I saw this Chaplin classic recently, and I wondered about this scene:
There’s a scene where both Chaplin’s and Oakie’s characters are eating “English mustard,” whereupon they act as though they’ve swallowed turpentine.
Is “English mustard” that bad, or is it something else?
Random
2
English mustard (like Coleman’s) is very strong and is an acquired taste. If you’re not used to it, you almost certainly won’t like it.
English mustard is HOT.
In the proposed remake, with Robin Williams and Jim Carrey in the Chaplin and Oakie roles, Tabasco Sauce will be substituted in this scene.
Uke
I hope you’re joking. <shudder>
“East is east and west is west and if you take cranberries and stew them like applesauce they taste much more like prunes than rhubarb does.” – Marx
Read “Sundials” in the new issue of Aboriginal Science Fiction. www.sff.net/people/rothman
Uke, you rapscallion! You almost gave me a heart attack.
And the role of Reichsmarshall Garbitsch, originally played by Henry Daniell, will be essayed by Pauly Shore.
One thing you have to understand about American mustard, is that, like Chinese Buddhism, it isn’t.

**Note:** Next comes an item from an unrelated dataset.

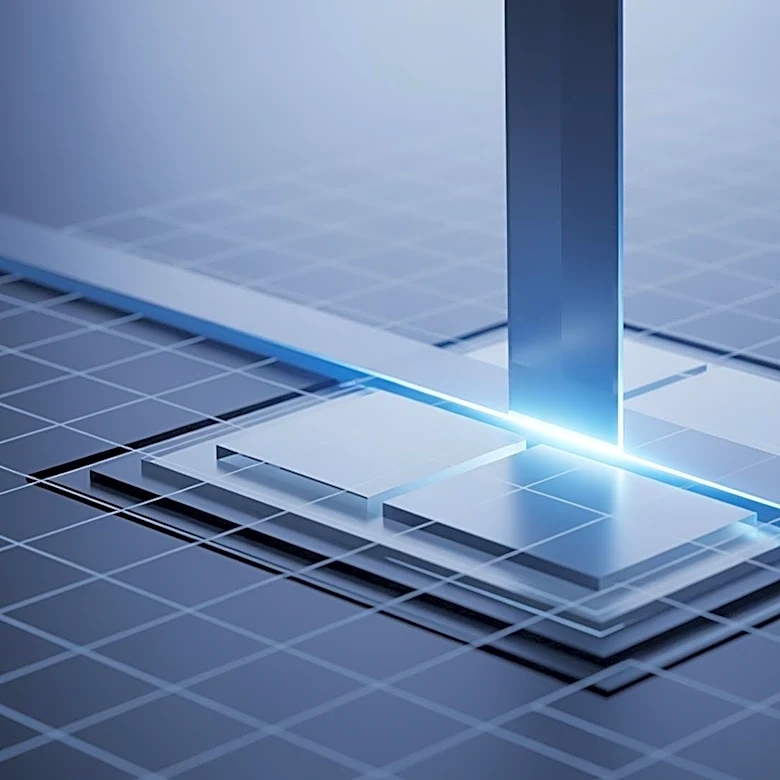 What is the Role of Slicing Techniques in Software and Game Development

It’s mostly tumeric, a completely different spice.
English mustard is meant to be put, very thin, on things like roast beef, not slathered in great gobs on sausages.
John W. Kennedy
“Compact is becoming contract; man only earns and pays.”
– Charles Williams
Padeye
8
Maybe they made the faces not because the mustard was hot but because it was English?